24/03/2007
Ano 10 - Número 521


 

ENÉAS ATHANÁZIO
ARQUIVO

 

Enéas Athanázio


 

O RIO INVISÍVEL

 

Em 12 de julho de 1904, em Parral, no Chile, nascia Ricardo Neftalí Reyes y Basoalto, aquele que a partir de 1920 adotaria o nome profissional e literário de Pablo Neruda, um dos poucos escritores latino-americanos a receber o Prêmio Nobel e o mais célebre de todos, conhecido no mundo inteiro, detentor de incontáveis dignidades e dos maiores prêmios literários. Faleceu em Santiago do Chile, em 1973, poucos dias após o golpe que implantaria naquele país uma das mais sangrentas ditaduras da história de nosso continente. Para comemorar o centenário, marcado por eventos em vários recantos do planeta, acabo de reler “O Rio Invisível”, antologia em prosa e verso, reunindo os mais antigos trabalhos do poeta, aqueles que ele produziu na juventude, alguns quando tinha cerca de quatorze anos de idade. Publicado pela Bertrand Brasil, do Rio de Janeiro, em 1998, foi traduzido com esmero por Rolando Roque da Silva. O volume foi organizado por Matilde Neruda, viúva do poeta, cujo nome de solteira era Matilde Urrutia, e anotado por Jorge Edwards, um dos maiores conhecedores da obra do poeta e autor da excelente biografia “Adeus Poeta”, traduzida e publicada no Brasil. “Por isso levo um invisível rio em minhas veias”, versos de um de seus poemas, é a epígrafe que introduz ao livro.

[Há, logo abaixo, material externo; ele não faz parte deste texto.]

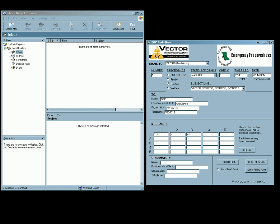Oh, I should say this is a test message. So as I populate this, you'll see the check number on the top right here automatically populate with the number of words. In this case there's six words because the X's, which is the end of the message, still counts as a word.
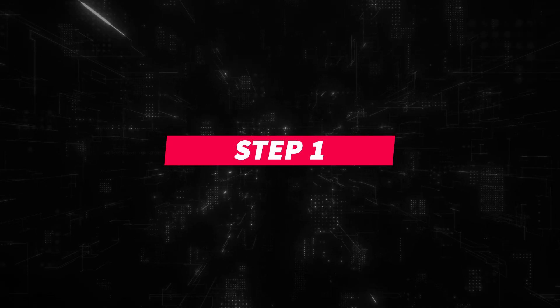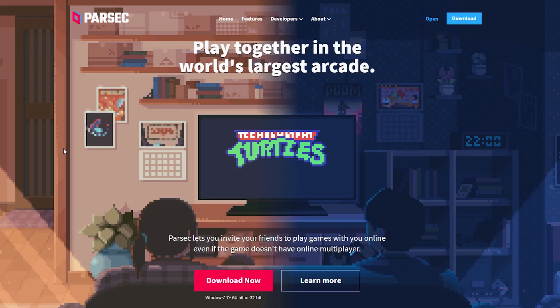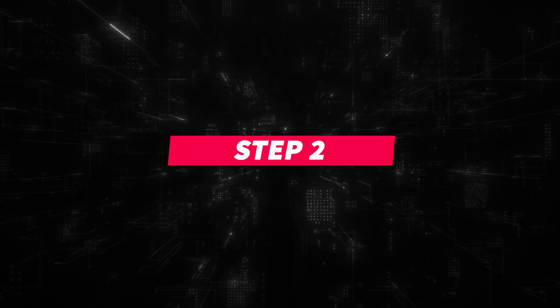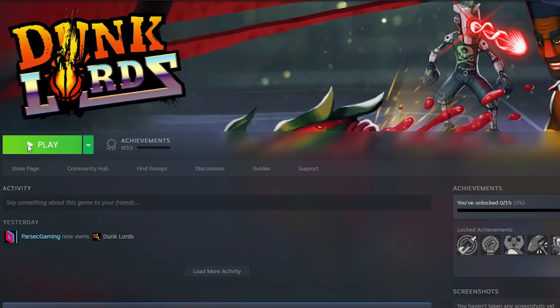Step 1: Go to Parsecgaming.com and install Parsec. Step 2: Open up Dunk Lords on your PC.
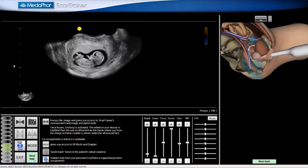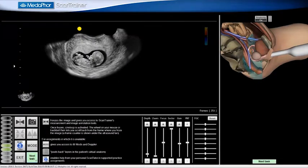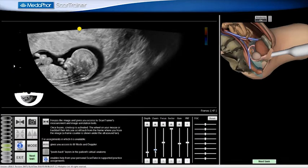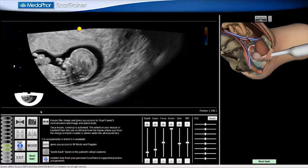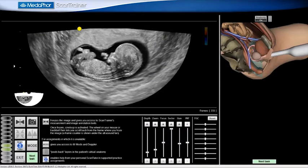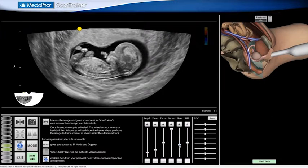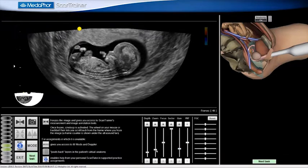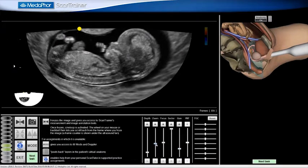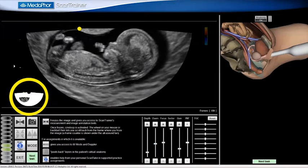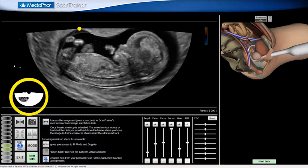I identify the correct plane for the CRL measurement. I demonstrate a midline sagittal section of the fetus, with the fetus appearing horizontal on the screen, and with the line from Crown to Rump at 90 degrees to the ultrasound beam. I optimize the gain and time gain compensation to achieve an even image throughout the depth, and if necessary, I adjust the depth of field, then the zoom, and pan the image so that the fetus fills more than 60% of the field of view.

Embora escritos na extrema juventude, naquela fase em que a vida é uma surpresa e as experiências são poucas, os trabalhos já revelam o grande poeta e prosador que viria a ser seu autor, mestre no manuseio da palavra e na justa expressão de idéias e sentimentos. Além da admirável riqueza de linguagem numa pessoa tão jovem, fornece indicações de rumos que ele tomaria na vida, tornando-se um “globe-trotter” como poucos, misto de aventureiro, revolucionário e intelectual voltado para as causas dos infelizes, contribuindo de forma decisiva para a disseminação de sua poesia. Alguns de seus poemas foram declamados em tantos lugares e ocasiões que quase se tornaram canções de luta, como o célebre “Poema XX”, o preferido de Gabriel García Márquez. “Confesso que Vivi” e “Pelas Praias do Mundo”, livros de suas memórias, têm sido dos mais lidos no gênero em todo o mundo, reconstruindo uma vida rica de incidentes, aventuras e obras literárias. Mesmo aureolado pelo sucesso, jamais deixou de ser um homem do povo e vibrava quando alguma pessoa anônima recitava seus versos. Seu eterno coração de menino o levava a colecionar brinquedos, caravelas, moluscos, originais de obras literárias e livros. “Isla Negra”, sua célebre morada, se tornou atração turística, conhecida no mundo inteiro.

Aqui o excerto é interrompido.